→ **Required work**:
Leave every image behind and restate the data word for word.

→ **Given information**:
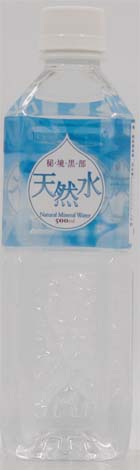 ＜採水地＞ 富山県下新川郡入善町 ＜特　長＞ 立山連峰の黒部峡谷の豊かな原生林からの雪解け水は豊かで美味しい地下水を供給します。花崗岩などの砂礫層を通り抜け適度にミネラルを含んだ豊かで美味しい水は全国の銘水の中でも、最高位の品質を誇る天然水です。広告文責：株式会社ドラッグピュア神戸市北区鈴蘭台北町1丁目1-11-103TEL:0120-093-849区分：食品(飲料水)・日本製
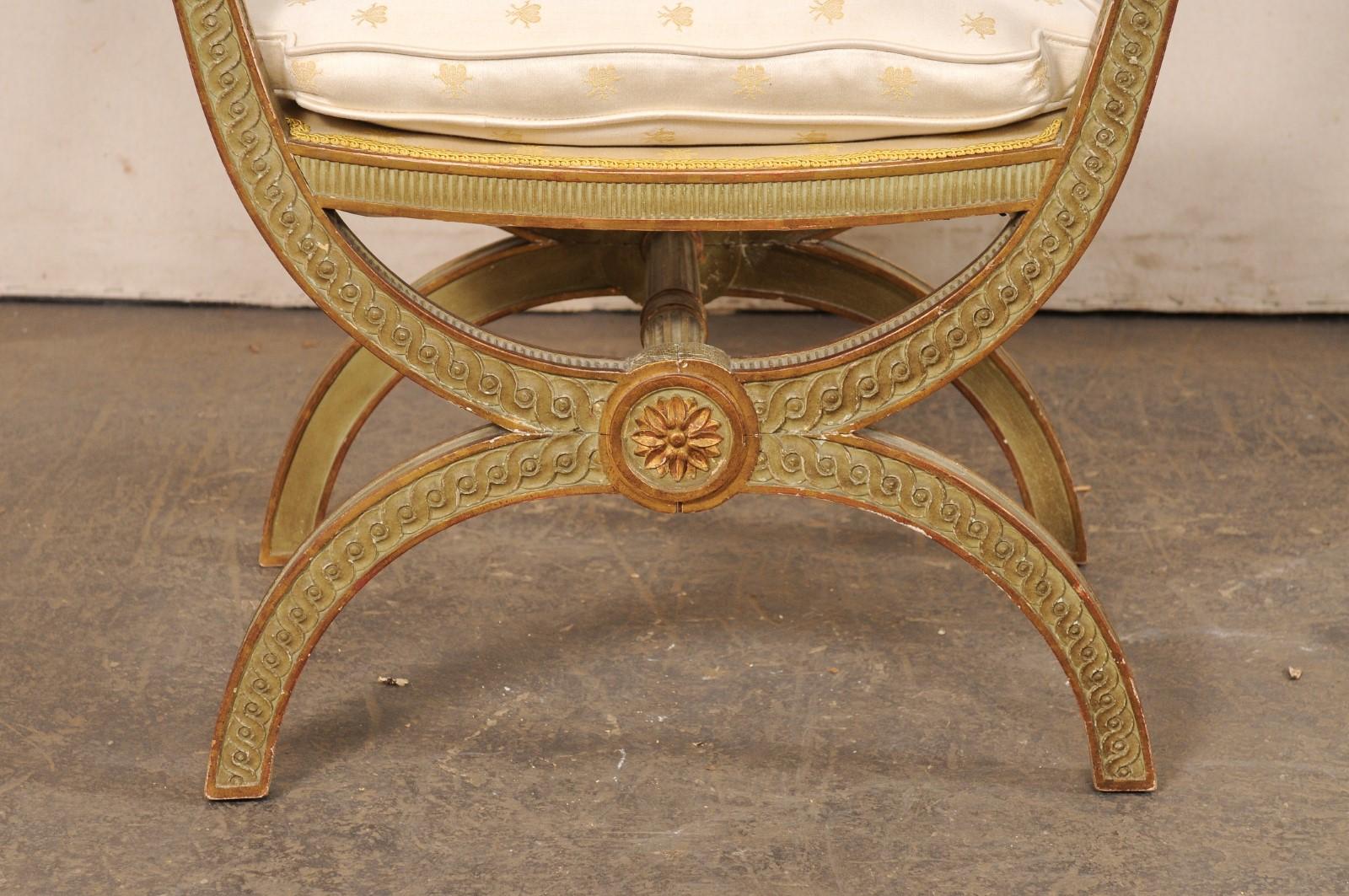 Tabouret Curule italien en bois sculpté avec coussin d'assise en vente 8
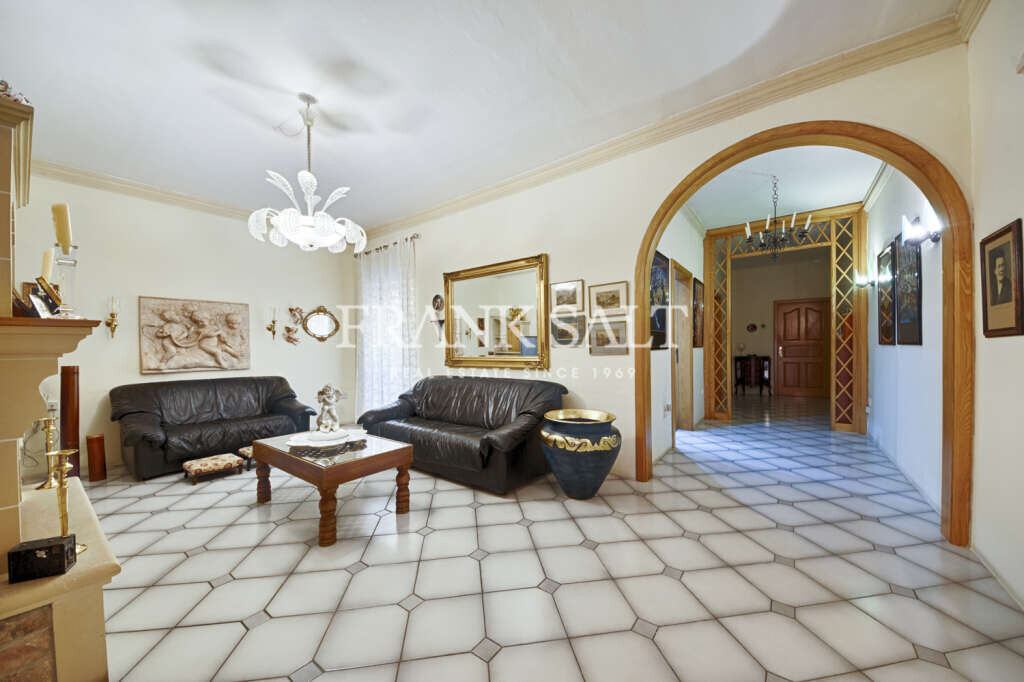 Santa Venera, 4 Bedrooms Bedrooms, ,2 BathroomsBathrooms,For Sale,FRSA-618593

→ **Solution for this exercise**:
 ＜採水地＞ 富山県下新川郡入善町 ＜特　長＞ 立山連峰の黒部峡谷の豊かな原生林からの雪解け水は豊かで美味しい地下水を供給します。花崗岩などの砂礫層を通り抜け適度にミネラルを含んだ豊かで美味しい水は全国の銘水の中でも、最高位の品質を誇る天然水です。広告文責：株式会社ドラッグピュア神戸市北区鈴蘭台北町1丁目1-11-103TEL:0120-093-849区分：食品(飲料水)・日本製
 Tabouret Curule italien en bois sculpté avec coussin d'assise en vente 8
 Santa Venera, 4 Bedrooms Bedrooms, ,2 BathroomsBathrooms,For Sale,FRSA-618593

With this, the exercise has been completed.